Cada una desocupa su casa y traslada sus canicas hacia la casa del jugador que tiene enfrente haciendo movimientos de un solo paso, o movimientos que saltan sobre otras piezas de cualquier color de las que se encuentren en el tablero. Gana el primero que logre llenar completamente la casa de su oponente. En nuestro caso, yo avanzaba hacia la casa de mi tía Pilar y ella avanzaba hacia la mía (como se muestra en la figura). ¿Qué fue lo que se le ocurrió a mi tía Pilar? Ella comenzaba su avance hacia mi casa, pero dejando “atrasada” una de las canicas dentro de la suya. Seleccionó la canica que ocupaba el vértice, la punta de la estrella, la que está más adentro, para el “atraso”. Pero sucedió que éste fue un atraso permanente porque nunca la sacaba. Yo le decía:
-¡Ya
va! Yo estoy llevando primero las otras –me respondía con autoridad. Mientras
ella estuviera siguiendo las reglas de avance y tuviera algo que mover, no
había nada que reclamar. Éste era su pensamiento.
-Un
momento, que estoy acomodando éstas.
-¿Y cómo la voy a sacar si tú me tienes trancada? –convirtiéndose ella automáticamente en la víctima que reclamaba.

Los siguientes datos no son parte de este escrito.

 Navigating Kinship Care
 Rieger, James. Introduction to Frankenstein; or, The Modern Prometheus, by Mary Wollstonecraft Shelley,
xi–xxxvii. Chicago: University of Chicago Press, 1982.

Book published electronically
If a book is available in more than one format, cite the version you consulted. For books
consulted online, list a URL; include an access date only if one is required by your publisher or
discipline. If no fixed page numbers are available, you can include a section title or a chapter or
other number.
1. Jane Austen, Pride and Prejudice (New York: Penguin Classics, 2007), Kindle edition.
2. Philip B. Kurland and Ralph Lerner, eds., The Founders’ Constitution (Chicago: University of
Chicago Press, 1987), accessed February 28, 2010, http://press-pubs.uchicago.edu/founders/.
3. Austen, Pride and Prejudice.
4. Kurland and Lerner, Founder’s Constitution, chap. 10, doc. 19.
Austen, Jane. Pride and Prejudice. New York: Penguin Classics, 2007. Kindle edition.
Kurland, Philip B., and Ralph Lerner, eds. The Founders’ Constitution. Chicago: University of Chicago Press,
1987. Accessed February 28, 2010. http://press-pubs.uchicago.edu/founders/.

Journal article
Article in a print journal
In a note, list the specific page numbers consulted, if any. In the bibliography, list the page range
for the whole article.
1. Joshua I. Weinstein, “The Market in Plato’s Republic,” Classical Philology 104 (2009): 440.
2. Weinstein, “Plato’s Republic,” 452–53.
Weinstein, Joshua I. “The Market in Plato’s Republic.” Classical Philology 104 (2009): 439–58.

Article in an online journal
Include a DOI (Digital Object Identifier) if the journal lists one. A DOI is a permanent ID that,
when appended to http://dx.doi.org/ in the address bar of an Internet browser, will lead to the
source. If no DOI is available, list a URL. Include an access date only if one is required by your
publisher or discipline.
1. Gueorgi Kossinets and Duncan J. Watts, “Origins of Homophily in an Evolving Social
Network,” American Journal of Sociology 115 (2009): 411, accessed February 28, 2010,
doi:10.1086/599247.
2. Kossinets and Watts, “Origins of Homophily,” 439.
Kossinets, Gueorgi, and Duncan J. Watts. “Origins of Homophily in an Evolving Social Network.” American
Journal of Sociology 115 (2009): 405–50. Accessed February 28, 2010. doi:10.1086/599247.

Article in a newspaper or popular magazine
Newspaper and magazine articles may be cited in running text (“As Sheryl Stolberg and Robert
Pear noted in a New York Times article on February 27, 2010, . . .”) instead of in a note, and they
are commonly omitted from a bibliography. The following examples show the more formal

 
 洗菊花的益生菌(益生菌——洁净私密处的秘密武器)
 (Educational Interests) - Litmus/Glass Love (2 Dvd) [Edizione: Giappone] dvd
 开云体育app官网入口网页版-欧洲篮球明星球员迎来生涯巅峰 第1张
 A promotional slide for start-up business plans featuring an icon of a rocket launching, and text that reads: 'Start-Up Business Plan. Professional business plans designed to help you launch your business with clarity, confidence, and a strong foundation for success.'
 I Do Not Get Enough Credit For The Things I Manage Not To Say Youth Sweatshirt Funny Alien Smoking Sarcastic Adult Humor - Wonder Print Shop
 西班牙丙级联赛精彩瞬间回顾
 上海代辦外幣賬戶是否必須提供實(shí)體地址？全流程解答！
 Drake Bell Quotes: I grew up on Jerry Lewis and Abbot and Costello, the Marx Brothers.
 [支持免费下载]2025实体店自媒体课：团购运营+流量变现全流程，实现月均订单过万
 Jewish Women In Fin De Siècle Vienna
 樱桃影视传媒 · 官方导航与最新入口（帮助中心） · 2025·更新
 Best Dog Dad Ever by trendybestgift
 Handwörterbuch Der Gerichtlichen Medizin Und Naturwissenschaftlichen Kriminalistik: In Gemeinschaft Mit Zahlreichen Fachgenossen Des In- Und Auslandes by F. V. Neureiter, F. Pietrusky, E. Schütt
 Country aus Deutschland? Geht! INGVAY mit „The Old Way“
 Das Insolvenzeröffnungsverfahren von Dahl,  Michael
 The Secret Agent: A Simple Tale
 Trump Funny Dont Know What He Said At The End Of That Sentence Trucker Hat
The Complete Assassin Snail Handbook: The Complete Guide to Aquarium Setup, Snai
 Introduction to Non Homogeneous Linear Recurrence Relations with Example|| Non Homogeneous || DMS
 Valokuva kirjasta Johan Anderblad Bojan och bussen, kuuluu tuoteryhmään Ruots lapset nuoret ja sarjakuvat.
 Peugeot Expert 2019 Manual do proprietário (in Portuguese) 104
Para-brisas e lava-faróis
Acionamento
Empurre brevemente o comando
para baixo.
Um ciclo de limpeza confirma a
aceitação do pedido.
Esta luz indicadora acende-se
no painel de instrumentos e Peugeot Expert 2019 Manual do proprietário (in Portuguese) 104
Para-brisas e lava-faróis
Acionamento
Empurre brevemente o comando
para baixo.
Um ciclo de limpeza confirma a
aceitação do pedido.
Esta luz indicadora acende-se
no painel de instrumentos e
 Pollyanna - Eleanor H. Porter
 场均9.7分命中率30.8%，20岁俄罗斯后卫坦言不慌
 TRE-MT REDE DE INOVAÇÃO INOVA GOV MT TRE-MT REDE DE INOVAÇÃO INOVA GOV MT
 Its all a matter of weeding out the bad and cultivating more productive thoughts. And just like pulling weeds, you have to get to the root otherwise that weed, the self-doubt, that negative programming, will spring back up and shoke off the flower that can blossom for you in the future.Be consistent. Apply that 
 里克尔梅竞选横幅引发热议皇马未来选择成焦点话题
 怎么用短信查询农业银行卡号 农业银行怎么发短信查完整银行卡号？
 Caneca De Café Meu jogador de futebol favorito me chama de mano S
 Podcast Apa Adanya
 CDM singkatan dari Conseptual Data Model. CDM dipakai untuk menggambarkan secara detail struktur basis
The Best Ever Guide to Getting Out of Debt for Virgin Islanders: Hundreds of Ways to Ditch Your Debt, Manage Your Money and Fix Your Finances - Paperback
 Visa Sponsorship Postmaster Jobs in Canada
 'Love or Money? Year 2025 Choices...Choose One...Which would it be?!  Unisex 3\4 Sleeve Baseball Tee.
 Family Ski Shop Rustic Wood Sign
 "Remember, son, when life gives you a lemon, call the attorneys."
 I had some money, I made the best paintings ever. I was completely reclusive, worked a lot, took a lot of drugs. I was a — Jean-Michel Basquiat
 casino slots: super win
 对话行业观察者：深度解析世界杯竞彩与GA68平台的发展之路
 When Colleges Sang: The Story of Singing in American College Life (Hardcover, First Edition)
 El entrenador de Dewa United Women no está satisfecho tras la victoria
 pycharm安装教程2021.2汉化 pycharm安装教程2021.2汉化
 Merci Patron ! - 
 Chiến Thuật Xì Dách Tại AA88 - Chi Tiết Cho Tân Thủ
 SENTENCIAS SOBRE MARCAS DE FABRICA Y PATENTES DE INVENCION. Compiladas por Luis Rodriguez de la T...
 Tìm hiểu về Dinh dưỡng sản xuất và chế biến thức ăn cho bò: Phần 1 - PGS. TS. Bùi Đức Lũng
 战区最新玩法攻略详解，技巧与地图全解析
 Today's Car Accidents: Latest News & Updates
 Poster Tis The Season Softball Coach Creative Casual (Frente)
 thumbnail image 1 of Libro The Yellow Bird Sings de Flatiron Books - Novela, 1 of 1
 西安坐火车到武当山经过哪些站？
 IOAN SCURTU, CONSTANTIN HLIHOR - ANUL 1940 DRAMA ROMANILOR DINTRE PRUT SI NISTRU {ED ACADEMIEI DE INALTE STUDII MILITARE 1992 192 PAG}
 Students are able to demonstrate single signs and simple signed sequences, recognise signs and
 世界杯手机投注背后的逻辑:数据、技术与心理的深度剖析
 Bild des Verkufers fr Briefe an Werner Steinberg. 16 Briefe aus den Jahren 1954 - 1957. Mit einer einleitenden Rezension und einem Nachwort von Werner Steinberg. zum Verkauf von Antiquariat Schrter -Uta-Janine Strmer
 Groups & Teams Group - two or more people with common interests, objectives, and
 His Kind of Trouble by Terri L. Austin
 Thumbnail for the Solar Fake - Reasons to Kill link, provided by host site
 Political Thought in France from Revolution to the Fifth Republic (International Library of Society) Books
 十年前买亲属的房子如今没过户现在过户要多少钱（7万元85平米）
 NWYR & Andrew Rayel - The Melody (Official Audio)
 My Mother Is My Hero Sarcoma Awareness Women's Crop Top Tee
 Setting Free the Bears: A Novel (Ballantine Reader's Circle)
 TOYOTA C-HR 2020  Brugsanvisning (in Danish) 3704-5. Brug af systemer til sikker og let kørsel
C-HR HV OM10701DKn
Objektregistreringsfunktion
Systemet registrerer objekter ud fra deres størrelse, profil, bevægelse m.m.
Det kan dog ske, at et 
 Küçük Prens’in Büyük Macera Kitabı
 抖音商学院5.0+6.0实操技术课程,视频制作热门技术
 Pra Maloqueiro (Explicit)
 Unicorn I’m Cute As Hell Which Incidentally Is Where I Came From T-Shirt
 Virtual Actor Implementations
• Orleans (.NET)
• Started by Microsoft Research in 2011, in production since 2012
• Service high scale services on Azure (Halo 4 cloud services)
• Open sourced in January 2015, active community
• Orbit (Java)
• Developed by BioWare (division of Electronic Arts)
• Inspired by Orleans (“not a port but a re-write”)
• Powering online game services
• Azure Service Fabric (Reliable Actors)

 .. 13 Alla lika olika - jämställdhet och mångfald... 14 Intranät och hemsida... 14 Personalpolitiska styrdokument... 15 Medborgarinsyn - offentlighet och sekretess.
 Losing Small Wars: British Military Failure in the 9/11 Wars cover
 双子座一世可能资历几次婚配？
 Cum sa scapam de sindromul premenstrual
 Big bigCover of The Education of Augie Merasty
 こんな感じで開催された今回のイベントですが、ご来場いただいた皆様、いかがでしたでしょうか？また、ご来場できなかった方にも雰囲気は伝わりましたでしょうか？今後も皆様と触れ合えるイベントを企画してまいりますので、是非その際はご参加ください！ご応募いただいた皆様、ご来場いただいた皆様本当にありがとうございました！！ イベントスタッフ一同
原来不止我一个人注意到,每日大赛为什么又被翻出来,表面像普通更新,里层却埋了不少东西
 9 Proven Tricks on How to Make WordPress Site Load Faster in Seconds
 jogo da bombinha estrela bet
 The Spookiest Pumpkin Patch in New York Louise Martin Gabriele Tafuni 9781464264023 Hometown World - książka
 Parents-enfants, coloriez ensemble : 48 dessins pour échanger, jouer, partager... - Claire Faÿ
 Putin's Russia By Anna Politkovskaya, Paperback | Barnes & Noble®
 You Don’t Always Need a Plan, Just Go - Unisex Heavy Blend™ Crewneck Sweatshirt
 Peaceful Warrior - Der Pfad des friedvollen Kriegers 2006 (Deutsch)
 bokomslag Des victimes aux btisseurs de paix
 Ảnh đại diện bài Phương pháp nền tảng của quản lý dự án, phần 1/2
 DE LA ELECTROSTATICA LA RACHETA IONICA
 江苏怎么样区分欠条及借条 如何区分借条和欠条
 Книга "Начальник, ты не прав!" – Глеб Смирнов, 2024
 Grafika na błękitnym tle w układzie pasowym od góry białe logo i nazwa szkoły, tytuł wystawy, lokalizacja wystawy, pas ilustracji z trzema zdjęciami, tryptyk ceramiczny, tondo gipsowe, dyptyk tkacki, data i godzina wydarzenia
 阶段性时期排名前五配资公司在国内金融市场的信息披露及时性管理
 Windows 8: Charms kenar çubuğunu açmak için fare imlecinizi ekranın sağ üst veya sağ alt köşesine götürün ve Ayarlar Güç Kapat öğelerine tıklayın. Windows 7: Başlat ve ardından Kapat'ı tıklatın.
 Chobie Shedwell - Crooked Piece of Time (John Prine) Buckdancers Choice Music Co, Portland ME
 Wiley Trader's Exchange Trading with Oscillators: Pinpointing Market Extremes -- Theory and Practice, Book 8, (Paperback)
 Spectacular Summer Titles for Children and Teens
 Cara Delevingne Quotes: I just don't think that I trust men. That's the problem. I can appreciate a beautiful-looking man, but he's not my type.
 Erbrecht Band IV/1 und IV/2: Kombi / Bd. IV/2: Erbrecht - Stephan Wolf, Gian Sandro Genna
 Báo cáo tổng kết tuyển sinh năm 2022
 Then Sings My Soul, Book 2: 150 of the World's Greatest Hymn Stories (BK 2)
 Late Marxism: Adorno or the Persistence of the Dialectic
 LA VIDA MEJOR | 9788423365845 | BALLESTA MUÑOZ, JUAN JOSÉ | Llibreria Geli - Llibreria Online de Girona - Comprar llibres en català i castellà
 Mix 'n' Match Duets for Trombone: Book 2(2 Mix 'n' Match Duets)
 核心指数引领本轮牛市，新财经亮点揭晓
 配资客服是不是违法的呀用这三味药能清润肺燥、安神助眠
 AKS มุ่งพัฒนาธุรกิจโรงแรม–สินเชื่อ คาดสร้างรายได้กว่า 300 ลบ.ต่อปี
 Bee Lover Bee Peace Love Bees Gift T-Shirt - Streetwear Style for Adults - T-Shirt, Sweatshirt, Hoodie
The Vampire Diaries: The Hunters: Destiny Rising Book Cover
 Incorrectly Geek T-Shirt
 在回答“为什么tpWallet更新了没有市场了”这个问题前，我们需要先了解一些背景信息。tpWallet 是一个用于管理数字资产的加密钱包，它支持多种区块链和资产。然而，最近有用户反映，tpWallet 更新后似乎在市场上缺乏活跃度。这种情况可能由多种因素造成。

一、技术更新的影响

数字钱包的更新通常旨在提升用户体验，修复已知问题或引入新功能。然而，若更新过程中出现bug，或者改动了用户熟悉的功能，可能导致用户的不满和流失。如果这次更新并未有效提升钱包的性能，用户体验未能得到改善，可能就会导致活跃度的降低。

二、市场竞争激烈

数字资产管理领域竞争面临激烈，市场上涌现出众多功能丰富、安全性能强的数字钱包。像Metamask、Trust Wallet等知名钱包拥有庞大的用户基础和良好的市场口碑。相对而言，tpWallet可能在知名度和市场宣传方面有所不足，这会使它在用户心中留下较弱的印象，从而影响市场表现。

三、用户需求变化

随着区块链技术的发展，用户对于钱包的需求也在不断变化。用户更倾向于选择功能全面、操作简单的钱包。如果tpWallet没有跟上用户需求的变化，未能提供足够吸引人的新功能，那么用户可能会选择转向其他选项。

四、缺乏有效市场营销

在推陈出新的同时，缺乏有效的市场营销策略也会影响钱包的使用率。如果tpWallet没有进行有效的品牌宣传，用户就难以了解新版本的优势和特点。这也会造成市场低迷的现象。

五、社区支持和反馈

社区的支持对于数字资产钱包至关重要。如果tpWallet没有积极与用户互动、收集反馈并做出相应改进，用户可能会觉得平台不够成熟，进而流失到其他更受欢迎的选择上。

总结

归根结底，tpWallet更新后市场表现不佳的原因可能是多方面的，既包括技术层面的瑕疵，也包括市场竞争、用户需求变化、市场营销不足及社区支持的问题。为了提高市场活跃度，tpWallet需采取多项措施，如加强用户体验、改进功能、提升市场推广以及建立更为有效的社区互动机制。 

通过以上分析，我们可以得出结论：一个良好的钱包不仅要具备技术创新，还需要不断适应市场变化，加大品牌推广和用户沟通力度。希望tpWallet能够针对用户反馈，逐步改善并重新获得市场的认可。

- ¿Cómo voy a hacer entonces para llenar todo, tía?
-Yo
no sé. Yo tampoco pude acomodar todas las mías porque tú no me dejaste.
¡Ah, tía, con qué cariño te recuerdo hoy! Tu
arbitrariedad y tu lógica, lejos de enojarme, la guardo dentro del inventario
de los gratos recuerdos de mi juventud. Ojalá que donde estés hayas encontrado
con quien jugar a las damas chinas. Pero cuídate de jugar con los santos,
porque como éstos hacen milagros, encontrarán la manera de meter sus canicas,
aun con la tuya adentro.
Pero,
¿qué tendrá esto que ver con el Doctorado en Ciencias Sociales de la UC?
“La inteligencia es la capacidad de relacionar”.
Estoy
cien por ciento en sintonía con esta definición. Es casi mi favorita, porque
ella compite con otra, que no sé si me gustará más:
“La inteligencia es la capacidad de resolver problemas”
En
realidad son prácticamente la misma. O
ninguna se puede dar sin la otra. Ellas se conectan mediante un lazo morineano
en el que cada una realimenta a la otra. Analícenlas con cuidado y encontrarán
la equivalencia.
·
El tiempo estipulado en el “contrato”
firmado para cumplir con todo los compromisos contraídos se terminó.
·
Cumplí con todos los requisitos
establecidos, menos con el susodicho seminario.
·
En vista de que éste no se abría,
terminé la tesis y la entregué para que formalmente quedara registrado que yo
había cumplido con mi parte.
·
La tesis, sin embargo, no puede ser
procesada, y mucho menos defendida, porque para ello debí haber cursado y
aprobado el seminario faltante. Así que mi tesis no se considera “reglamentariamente”
entregada.
·
No pude cursar, ni mucho menos aprobar,
el seminario faltante, como ya he dicho, porque éste nunca se abrió.
¿Se ve clara la relación? ¿A qué se les parece todo esto? ¡A la situación creada por mi tía Pilar con las damas chinas! Es muy fácil: lo que veo en el doctorado es el retrato exacto de mi tía Pilar. El seminario que no se ha abierto es la bolita que ella no sacaba de su “casa”. Yo, el que no debía ganar, sigo siendo el mismo, la víctima; que por obra y gracia de la interpretación que mi tía le dio al juego, terminé convertido en victimario. Y hoy, por obra y gracia de una reglamentación mal e injustamente aplicada del doctorado, diseñada para una situación distinta a la que actualmente existe, soy el que no ha cumplido con su compromiso firmado.